- **Goal of the exercise**
For the material that follows, return exactly the lines from the one with "1 PC Pink Floral" through the one with "Kosa spalinowa sthil", both ends included.

[Records for this exercise — start]

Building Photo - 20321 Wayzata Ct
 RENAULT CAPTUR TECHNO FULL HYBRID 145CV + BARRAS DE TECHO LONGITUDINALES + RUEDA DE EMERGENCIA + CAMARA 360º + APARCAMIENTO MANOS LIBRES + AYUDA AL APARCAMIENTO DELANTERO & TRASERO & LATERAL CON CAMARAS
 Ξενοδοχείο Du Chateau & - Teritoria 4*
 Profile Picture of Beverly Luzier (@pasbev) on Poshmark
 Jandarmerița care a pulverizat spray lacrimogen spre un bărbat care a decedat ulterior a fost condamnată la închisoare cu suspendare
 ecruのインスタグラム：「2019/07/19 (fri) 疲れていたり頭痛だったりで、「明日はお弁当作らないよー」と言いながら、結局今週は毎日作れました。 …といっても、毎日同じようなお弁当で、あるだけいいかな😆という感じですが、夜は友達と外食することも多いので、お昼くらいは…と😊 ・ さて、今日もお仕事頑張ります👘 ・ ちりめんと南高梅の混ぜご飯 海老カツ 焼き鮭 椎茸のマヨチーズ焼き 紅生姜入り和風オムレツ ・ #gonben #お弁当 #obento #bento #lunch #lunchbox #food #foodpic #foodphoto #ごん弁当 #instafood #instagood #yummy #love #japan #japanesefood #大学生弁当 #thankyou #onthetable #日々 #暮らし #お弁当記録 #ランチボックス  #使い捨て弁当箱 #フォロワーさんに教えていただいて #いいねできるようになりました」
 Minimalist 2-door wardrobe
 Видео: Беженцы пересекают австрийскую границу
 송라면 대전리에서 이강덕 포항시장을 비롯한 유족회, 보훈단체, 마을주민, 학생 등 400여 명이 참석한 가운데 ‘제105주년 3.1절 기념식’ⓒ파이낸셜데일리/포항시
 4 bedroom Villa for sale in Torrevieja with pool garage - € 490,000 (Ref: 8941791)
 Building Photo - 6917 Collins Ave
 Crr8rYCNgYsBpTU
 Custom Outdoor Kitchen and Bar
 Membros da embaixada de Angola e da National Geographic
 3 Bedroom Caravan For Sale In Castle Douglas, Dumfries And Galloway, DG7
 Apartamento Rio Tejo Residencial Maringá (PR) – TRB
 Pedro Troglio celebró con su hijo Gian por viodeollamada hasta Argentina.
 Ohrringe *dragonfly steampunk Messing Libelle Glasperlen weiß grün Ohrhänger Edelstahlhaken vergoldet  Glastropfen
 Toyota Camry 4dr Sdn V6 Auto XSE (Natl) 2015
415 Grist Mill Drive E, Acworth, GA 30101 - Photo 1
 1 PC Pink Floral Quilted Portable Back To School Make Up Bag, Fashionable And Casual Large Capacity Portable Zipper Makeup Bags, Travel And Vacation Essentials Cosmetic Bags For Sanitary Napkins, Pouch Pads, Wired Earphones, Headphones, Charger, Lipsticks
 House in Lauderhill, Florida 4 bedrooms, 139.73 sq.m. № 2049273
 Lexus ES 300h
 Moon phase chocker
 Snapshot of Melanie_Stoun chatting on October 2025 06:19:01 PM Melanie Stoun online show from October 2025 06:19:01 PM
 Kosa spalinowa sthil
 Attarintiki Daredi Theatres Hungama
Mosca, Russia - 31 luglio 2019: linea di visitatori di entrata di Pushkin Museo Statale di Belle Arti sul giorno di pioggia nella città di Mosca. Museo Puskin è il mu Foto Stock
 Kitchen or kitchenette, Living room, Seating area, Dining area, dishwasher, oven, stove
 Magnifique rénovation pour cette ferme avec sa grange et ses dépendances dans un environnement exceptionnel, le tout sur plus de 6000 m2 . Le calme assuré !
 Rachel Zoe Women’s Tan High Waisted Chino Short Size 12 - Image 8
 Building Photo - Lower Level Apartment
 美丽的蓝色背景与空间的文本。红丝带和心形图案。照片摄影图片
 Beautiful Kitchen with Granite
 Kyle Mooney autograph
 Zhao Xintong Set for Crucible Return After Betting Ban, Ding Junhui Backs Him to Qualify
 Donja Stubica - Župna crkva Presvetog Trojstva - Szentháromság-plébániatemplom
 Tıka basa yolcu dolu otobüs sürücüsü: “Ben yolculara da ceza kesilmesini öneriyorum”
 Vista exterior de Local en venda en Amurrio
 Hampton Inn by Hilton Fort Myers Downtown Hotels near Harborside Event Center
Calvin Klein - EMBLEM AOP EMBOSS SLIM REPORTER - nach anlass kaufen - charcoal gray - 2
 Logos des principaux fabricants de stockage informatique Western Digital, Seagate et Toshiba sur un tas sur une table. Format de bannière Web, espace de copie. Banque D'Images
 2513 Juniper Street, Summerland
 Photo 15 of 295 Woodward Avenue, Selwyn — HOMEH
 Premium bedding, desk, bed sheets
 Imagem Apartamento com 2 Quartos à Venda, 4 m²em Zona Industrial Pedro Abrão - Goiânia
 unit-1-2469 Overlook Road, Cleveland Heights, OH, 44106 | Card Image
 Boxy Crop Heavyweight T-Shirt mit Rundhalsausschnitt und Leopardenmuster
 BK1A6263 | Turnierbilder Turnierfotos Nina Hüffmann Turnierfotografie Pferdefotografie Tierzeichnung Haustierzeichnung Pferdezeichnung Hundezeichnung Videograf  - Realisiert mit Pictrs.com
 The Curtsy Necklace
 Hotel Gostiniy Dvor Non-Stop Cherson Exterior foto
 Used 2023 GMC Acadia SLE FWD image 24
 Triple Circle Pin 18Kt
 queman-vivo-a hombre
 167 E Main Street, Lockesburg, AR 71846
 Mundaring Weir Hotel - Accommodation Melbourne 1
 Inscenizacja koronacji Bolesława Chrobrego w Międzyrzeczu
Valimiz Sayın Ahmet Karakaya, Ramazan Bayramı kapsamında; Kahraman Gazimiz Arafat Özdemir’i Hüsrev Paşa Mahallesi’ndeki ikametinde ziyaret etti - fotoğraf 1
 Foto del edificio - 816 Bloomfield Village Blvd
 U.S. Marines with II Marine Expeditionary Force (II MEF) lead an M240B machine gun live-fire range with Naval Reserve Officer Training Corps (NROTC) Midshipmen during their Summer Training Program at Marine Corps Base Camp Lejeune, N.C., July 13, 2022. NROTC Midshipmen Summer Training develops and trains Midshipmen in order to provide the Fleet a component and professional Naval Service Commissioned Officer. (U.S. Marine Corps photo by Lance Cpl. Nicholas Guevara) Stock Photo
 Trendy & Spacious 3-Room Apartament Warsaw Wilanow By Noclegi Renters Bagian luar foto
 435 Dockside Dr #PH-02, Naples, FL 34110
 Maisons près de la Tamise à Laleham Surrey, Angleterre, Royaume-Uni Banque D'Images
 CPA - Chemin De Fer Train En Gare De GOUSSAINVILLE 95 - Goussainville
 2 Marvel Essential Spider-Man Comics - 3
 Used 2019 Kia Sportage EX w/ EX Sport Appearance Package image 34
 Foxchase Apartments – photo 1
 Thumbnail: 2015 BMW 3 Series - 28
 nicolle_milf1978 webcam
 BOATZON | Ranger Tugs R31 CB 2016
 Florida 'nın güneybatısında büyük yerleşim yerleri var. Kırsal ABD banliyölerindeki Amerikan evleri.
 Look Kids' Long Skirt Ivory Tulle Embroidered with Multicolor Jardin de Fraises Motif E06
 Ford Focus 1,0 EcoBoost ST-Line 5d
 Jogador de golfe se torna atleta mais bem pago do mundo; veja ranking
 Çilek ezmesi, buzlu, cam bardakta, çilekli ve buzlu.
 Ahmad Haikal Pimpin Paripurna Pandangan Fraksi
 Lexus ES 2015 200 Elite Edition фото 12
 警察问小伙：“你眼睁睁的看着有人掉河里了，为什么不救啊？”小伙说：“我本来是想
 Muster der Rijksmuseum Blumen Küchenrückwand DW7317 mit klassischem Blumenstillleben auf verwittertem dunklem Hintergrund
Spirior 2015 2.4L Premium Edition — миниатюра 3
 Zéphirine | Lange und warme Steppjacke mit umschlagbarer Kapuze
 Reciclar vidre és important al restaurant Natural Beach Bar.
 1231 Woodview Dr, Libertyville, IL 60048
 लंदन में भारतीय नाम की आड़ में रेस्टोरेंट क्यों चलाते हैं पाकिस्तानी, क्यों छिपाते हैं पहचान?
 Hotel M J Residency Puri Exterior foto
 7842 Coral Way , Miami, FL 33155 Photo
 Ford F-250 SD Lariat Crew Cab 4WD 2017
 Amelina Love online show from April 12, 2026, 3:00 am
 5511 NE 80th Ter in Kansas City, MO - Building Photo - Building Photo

[Records for this exercise — finish]

- **Output below**
 1 PC Pink Floral Quilted Portable Back To School Make Up Bag, Fashionable And Casual Large Capacity Portable Zipper Makeup Bags, Travel And Vacation Essentials Cosmetic Bags For Sanitary Napkins, Pouch Pads, Wired Earphones, Headphones, Charger, Lipsticks
 House in Lauderhill, Florida 4 bedrooms, 139.73 sq.m. № 2049273
 Lexus ES 300h
 Moon phase chocker
 Snapshot of Melanie_Stoun chatting on October 2025 06:19:01 PM Melanie Stoun online show from October 2025 06:19:01 PM
 Kosa spalinowa sthil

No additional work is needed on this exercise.